One night, I heard mother call my name from behind the hostel building. We unlocked the hostel gate without informing anyone. Mother had come with Shanti. Father had beaten her up and chased them away.
It was midnight. We hid mother and Shanti in the hostel room where they spent the night with us. Had the teachers found out about this, they wouldn´t have been pleased.
But from grade eight, I have been living with mother. I couldn´t live in a hostel while she fought for life everyday!
But then, living with father was proving impossible. There were quarrels and fights everyday. We eventually left him. After we left, he remarried.
But the days after leaving him were difficult. We had no money to buy food and no shelter. With me were textbooks that I needed to conquer. Eventually, we found a room. It was an empty room. We had nothing to cover the floor to lie down on. We didn´t have kitchenware to cook. Mother used to bring food wrapped in plastic from places she worked. We slept on a straw mat.
A Tibetan family for whom mother worked took pity on her and started giving her things they no longer needed. We used to be overjoyed when mother brought old clothes, kitchenware and cot. Slowly, the empty room got furnished. Eventually, we started sleeping on a carpet instead of on a straw mat.
By the time I reached the tenth grade, mother was working every day. She had lost a lot of weight. Seeing the state she was in, I tried to assist her more. I helped her wash dishes, clothes and do other chores in the houses of her employers.
There were days when I worked until midnight.
But the work was telling on my studies. I lost rank in the pre-SLC exam. That worried me. Mother told me to stop assisting her and to focus on studies. But there was another problem. Our landlord was upset that I was using too much electricity by lighting the room to study at night. I explained to him that the "big exam" was nearing. He understood.
I studied hard, sometimes until the roosters crowed. I was often gripped by fear that father might come back. I evaded notice when I encountered him a few times in public places.
Studying with a half-empty stomach is hard. My body often grew lethargic in lack of proper nutrition. I even felt nauseated at times. But there was no use complaining. I attended classes regularly, tight-lipped about my physical condition. During my SLC preparation, I understood how badly an empty stomach can hurt.
I had studied hard. But I had never expected 88.75 percent marks. Looking back, I think I could have done better had my preparations been smoother, and hassles-free. But the results I got would not have been possible without my mother´s hard toil.
There are many challenges awaiting me. I have dreams and responsibilities. I have dreams of becoming a pediatrician and bringing happiness in my mother´s life.
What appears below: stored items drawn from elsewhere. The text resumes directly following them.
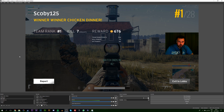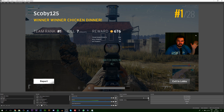Hey guys, my name is Scoby. Today I'm going to be showing you how to crop a webcam in OBS. This is going to be a nice quick and easy tutorial. The main reason you might want to do this is because your webcam takes up a lot of space on screen, and there's a lot of space on the side that we really don't need.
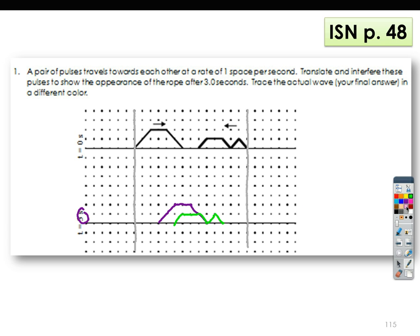Now trace your final correct answer. If there is overlap, add them. So here, if you see this line, we only have purple, so the amplitude will stay there. This one, we only have purple, so the amplitude will stay there. At this point, we have purple and we have green, but the green amplitude is at zero and the purple amplitude is at two. If you add these two, zero plus two will be two.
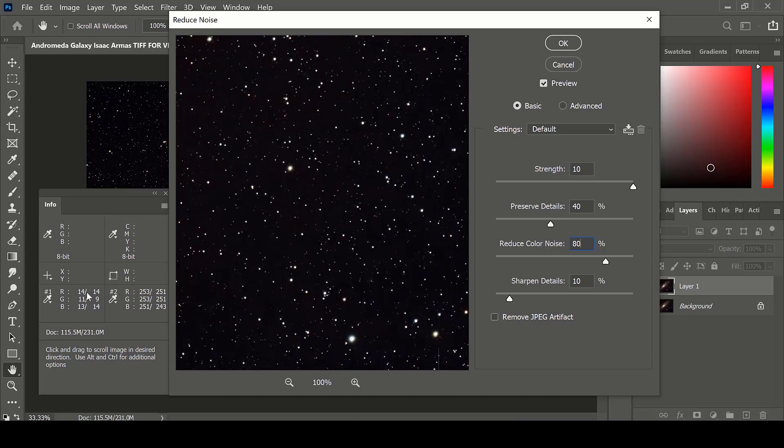These are the previous levels, and these are what the levels will now be using this Reduce Noise filter. Oftentimes they do not affect the image too much, but just be careful not to let your Red, Green, and Blue levels stray too far from each other.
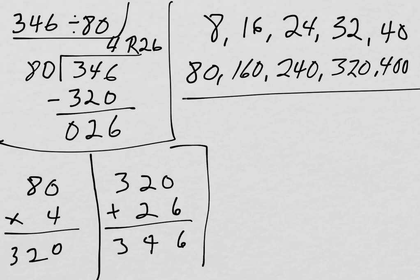And look, when I add it back together, it gets back to the whole 346. So, we know that I solved the division correctly. Because when I multiplied the divisor and the quotient and added back on the remainder, I got back to the number I started with, 346. And that's how it works with all of these.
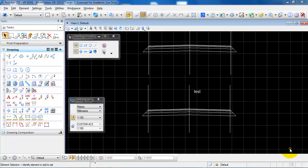In this tutorial we will have a look at how to add annotative text. With annotative text we can make sure that the text height is exactly the same whether we print the drawing in a scale of 1 to 100, 1 to 50, or within another scale.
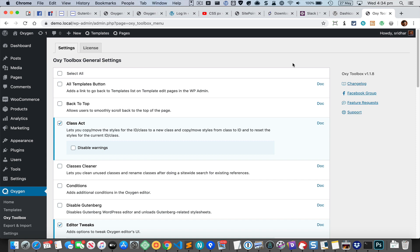Hi, this is Sridhar from oxyplugins.com. In this video I'm going to talk about the new features that have been added in version 1.19 of the Oxy Toolbox plugin.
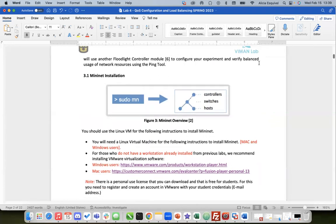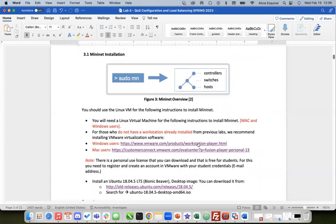The first step is to install Mininet, and for Mininet we need to have a Linux-based computer - that's the best way to do it. I give you some options here. In particular, I give you a hypervisor option for both Mac and Windows users. Both of you have to install a virtual machine on your computers.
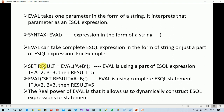EVAL takes an expression in the form of a string, and that expression is an ESQL expression. Inside a variable 'result', I am storing the outcome of a plus b. Suppose a is 2 and b is 3, then the outcome of 5 will be stored in result. Notice that inside EVAL I'm passing just part of an ESQL expression — only 'a plus b' — but EVAL can also be used with a complete ESQL statement, starting from the statement keyword all the way to the semicolon.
I have the responsibility of supporting the education of my younger sisters, and rescuing my family from the dark room and an equally dark life.
I stand amid these dreams and responsibilities. I haven´t yet seen a path that could lead me to the realization of these drams and the fulfillment of these responsibilities. And I don´t know how to tread on such path if there is any.
I don´t know many things. But I know I can earn some money by taking up a teaching job in some school. But that will only provide small and temporary relief to my family. I believe the poor should complete studies even with a meal a day so as to be able to later afford four meals a day.
"Chhori, you must study and become a thulo manchhe (successful person). All of you must escape this fate."
This statement made by my mother during one of our innumerable nights of horror continues to inspire me. It inspires me to pursue further studies.